Régis et sa caisse, signe extérieur de sa fonction de trésoreier.
Anny et François à l’intendance.
Enregistrement simplifié pour les préinscrits sur HelloAsso, avec Gérard au scannage
Bertrand à la validation des cartes BRM.
Petite promenade de santé sans doute que ce 200 km pour un quelqu’un qui a fait le PBP.
Freddy qui mènera le groupe rapide prend néanmoins le temps d’un café.

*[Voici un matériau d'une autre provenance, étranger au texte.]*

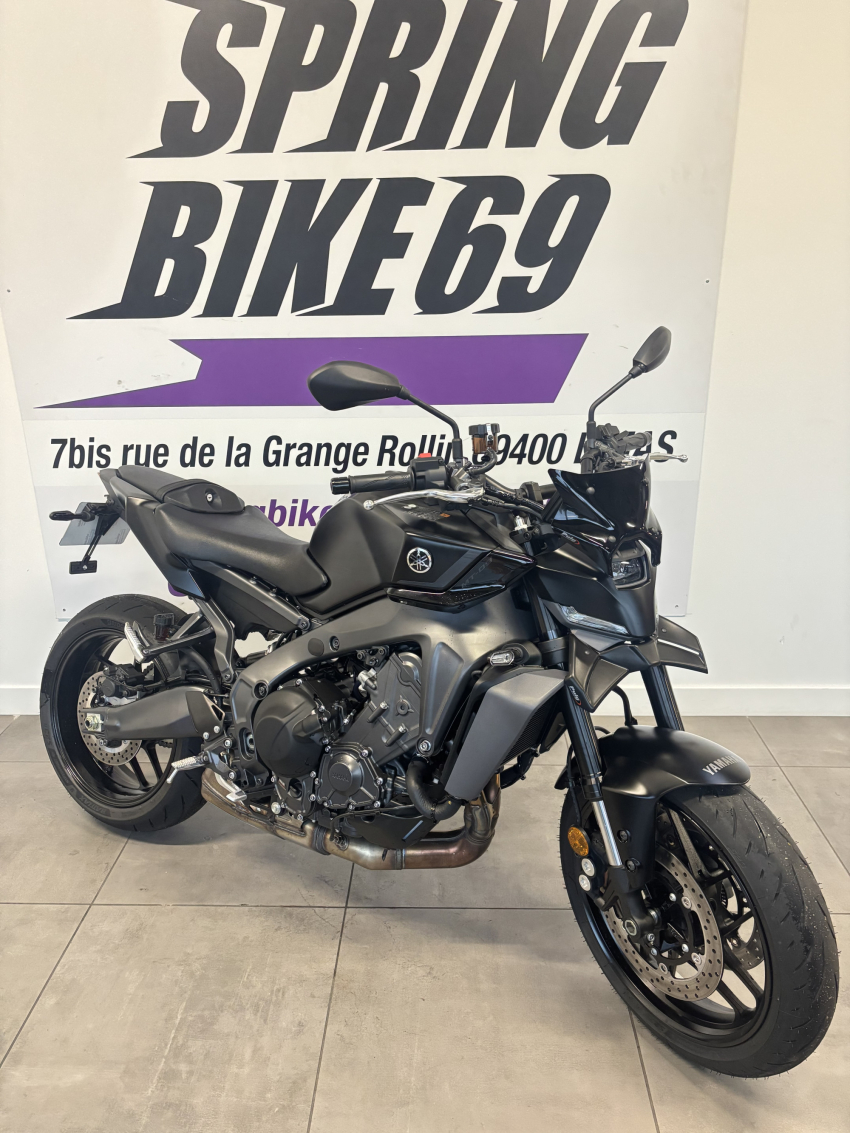 YAMAHA MT-09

Prévenu au dernier moment du départ du premier groupe, je n’aurai pas le temps de vérifier les réglages de mon appareil.
Un petit flou…
… et puis s’en vont.
Robert qui pilotera le second groupe a lui le temps de peaufiner sa préparation.
L’église de Westouter.
Un moulin, mais où?
L’église de Bambecque.
L’église de West-Cappel de type Hallekerque, comme la précédente et de nombreuses autres en Flandre.
Faut-il encore préciser qu’il s’agit du beffroi de Bergues?

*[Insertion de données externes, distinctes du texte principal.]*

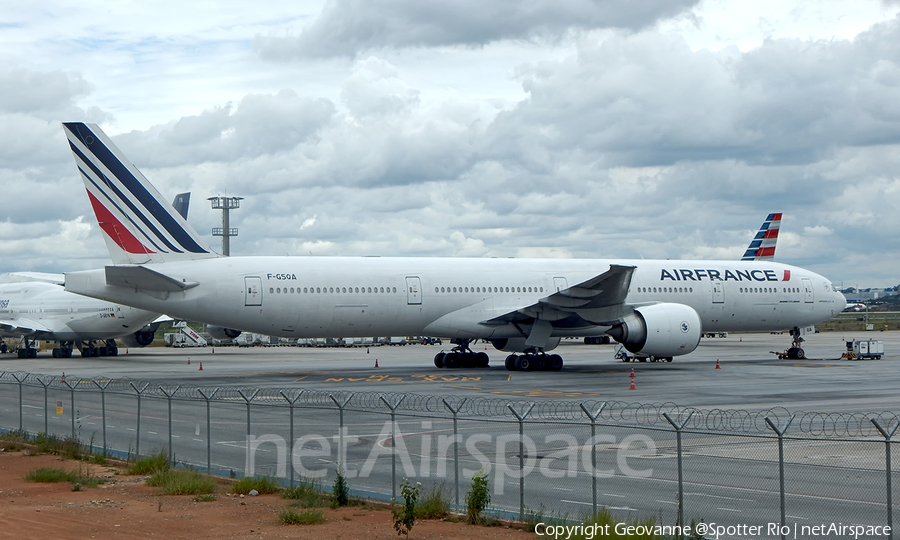 Air France Boeing 777-328(ER) (F-GSQA) | Photo 395998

Le canal de la Colme que l’on suit jusque Watten. Si le parcours officiel suit la route principale, sans doute appréciée par les rouleurs, je suggère pour ceux qui, comme moi, vont piano et sano d’emprunter la voie plus étroite mais totalement viabilisée jusque Loberghe. Circulation TRES apaisée.
25 km contre le vent et sans protection pour rejoindre Watten.
Après une raide montée, le moulin qui surplombe Watten, lieu d’un large panorama.
Bollezeele.
Esquelbecq.
Entre Steenvoorde et Flêtre, un cheminement légèrement vallonné ouvert sur les Monts de Flandres.
Le Ravensberg franchi, on suit une route en balcon qui domine la vallée de la Lys.
La lumière du soir invitait à des prises de vues, mais le jour tombe tôt et la boucle n’est pas finie.